Einstein also thought the Cosmological Constant was correct and that an expanding universe was incorrect. Even he could be wrong,
I am one of the "sheep" that
in general prefers monitors over headphones
BUT
something needs to be pointed out in this thread, IMHumbleO. "Mixing in headphones" and "EQing in headphones" are two different animals. EQing is only a small part of mixing.
When the author asks about EQing in headphones, my response would be stick to monitors unless your monitors really suck. Even the best headphones - open or closed, "flat" or "peaked" - are going to add "unnatural" coloration to the percieved frequency response. This is due to the very nature of headphones in general. The size and proximity of the drivers combined with their de-coupling from the environment.
While it sometimes can be possible to translate from this coloration to non-proximate (i.e. non-headphone or earbud) playback, it is in general much more difficult (on good phones) to impossible (on bad phones) to make such a translation. On the other hand, an accurate translation from a great pair of 'phones is probably about as easy as it is from a pair of crapola monitors in a crapola room. In this way, I'd have to say that Dewd is not incorrect in theory.

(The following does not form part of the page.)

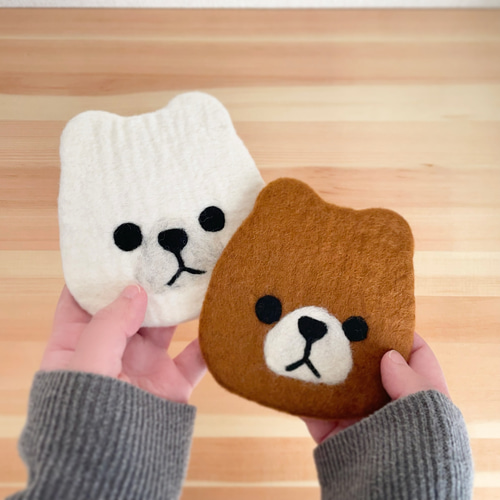 【✽確認用✽】レトロオレンジのくまさん✽羊毛フェルト 羊毛フェルトのどうぶつコースター[2枚]【受注生産】 その他キッチン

However, in real life, I think that the chances that someone is going to have simultaneous access or budget to headphones that are better for EQ than their monitoring environment is extremely slim. Stick to the monitors for EQ.

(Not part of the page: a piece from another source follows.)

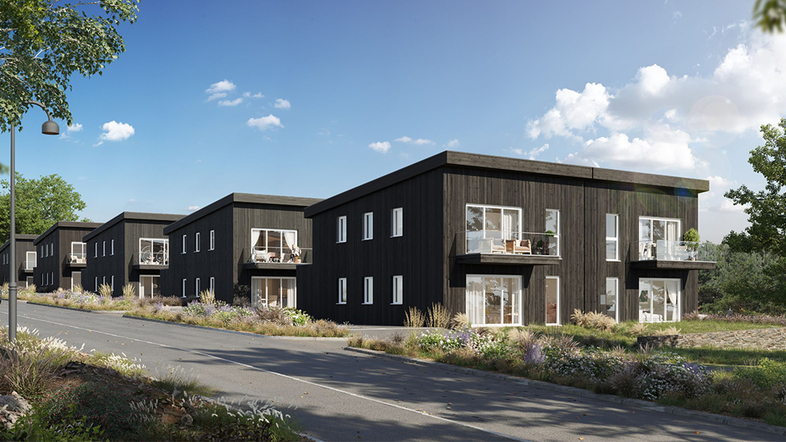 Referensprojekt  Holandsveien, tvåplanshus i byggsystemet planelement.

Now, that's for EQ. "Mixing" entails many different processes, each of which can require entirely different sets of tools. EQ is just one of those many processes. For EQ, monitors may far more often than not be more appropriate than headphones, but when it comes to other aspects of "mixing" - things like setting the pan stage, creating verb tails, and low-dbFS signal processing - decent headphones can not only work just fine, but sometimes are preferable to monitors.
Also: the right tool for the right job. Someone who is engineering for majority playback on phones or buds (e.g. podcasts, mobile MP3 playback) is doing just fine mixing on phones and buds.
G.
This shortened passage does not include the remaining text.